The Four Types of Financial Settlements

There is so much information readily available covering people’s opinions about parenting as a divorcee, but what about financials? Did you know that there is a difference between child support, child maintenance, spousal maintenance and financial settlements? We know that it needs to happen but what does it mean? Rachael Scharrer, divorce expert and founder of DivorceAnwered.com.au reviews the types of financial settlements and claims possible and available.

Four types of financials can be claimed: Child Support. This refers to a financial payment made from one parent to the other parent for the benefit of the child CONTRIBUTING TOWARDS their cost of food, shelter and other basic necessities. Often people think that child support is just for ‘mothers to buy designer handbags’. In actual fact, for many parents in receipt of child support, it hardly covers the cost of feeding the children each week. The amount payable is largely regulated by the body, Child Support Australia (CSA), and based on a formula of nights spent with each parent, each parent’s income and a self-support value. It is always possible to come to a private agreement and parents can pay above the expected minimum child support.

You can choose to receive payments directly from your child’s other parent and this is often the case for those who pay above the minimum. However, if you are in receipt of child support and the other parent doesn’t pay regularly, changes jobs regularly or there are other concerning circumstances, it is more convenient to allow CSA to collect and chase payments.

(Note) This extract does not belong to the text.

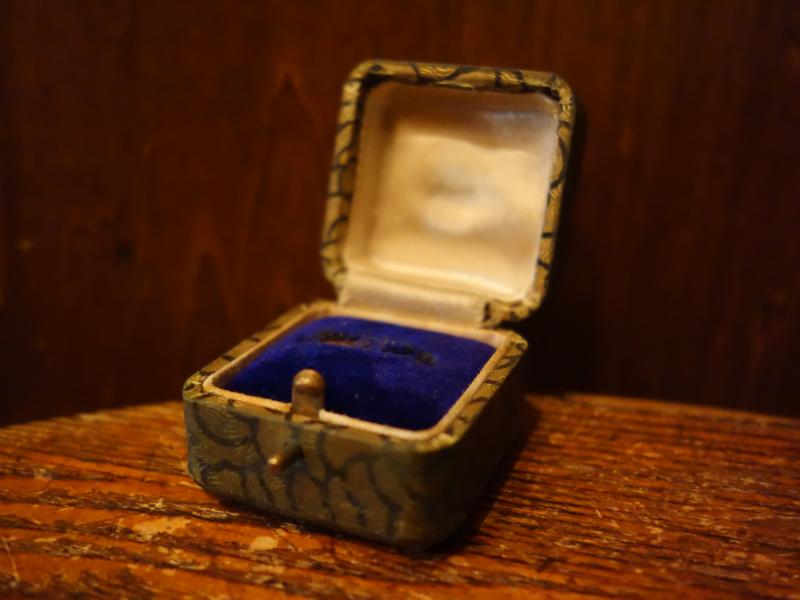 English ring display case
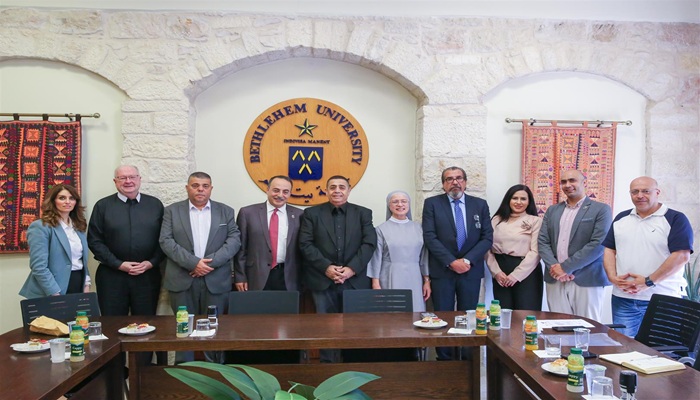 توقّيع اتفاقية تعاون مع اللجنة القطرية الدائمة لدعم القدس لتعزيز دعم طلبة القدس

CSA will collect child support from the day that you contact them and first request their collection services. If it is the first instance that you are contacting child support, they will take on your account. However, be mindful if you continually stop and start using this service, because CSA may decline to collect on your behalf. The other great benefit of CSA is that they will adjust the child support to the taxable income (which is great if the paying parent earns more than declared), garnishee wages and apply international flight restrictions (or stop-flight order) if necessary on the parent with outstanding debt.

At times, one parent believes that there are private agencies that can collect. However, there aren’t any known agencies and it has been sprouted that private collect agencies side with the paying parent. If you use a private agency or collect privately, there isn’t any recourse by CSA to collect any outstanding monies – you will have to take it to court yourself. It is highly recommended if you are collecting privately to add the child support payment agreement to your parenting agreement or order.

Child Maintenance. Child maintenance is also referred to as a Binding Child Support Agreement (BCSA). In summary, child maintenance or BCSA is a legally binding document that covers the financial responsibilities of each parent for a child (or children) beyond what is paid in Child Support. It covers areas such as education, health, dental, mental and more. A BSCA is lodged with the Family Court and makes reference to child support and government benefits as well as the costs of raising a child beyond the minimum basic needs. [Divorce Answered features a BSCA(www.divorceanswered.com.au/binding-child-support-agreement/) which you can fill out for your circumstances and have approved by family lawyer following appropriate advice.

In addition to a BSCA, the court may order one parent to make ongoing, one-off or periodic Child Maintenance payments. If you feel that this may be relevant to your situation, please contact your family lawyer.

Spousal Maintenance. Spousal maintenance is an option for claiming through the property and financial settlements for individuals leaving a marriage or de facto relationship where they are not able to financially support themselves adequately following the relationship breakdown. The Family Law Act 1975, which much of the current family law legislation is based on, states that a person has a responsibility to financially support or assist their ex-partner if they cannot meet their own basic expenses from their own personal income and assets. How much and how long spousal maintenance is to be paid depends on each individual and situation. Judgements surrounding spousal maintenance consider the needs and ability to pay for each individual as well as the age, health, assets, income and ability to work. Claims and demands for spousal maintenance may be ongoing, periodic or a one-off payment.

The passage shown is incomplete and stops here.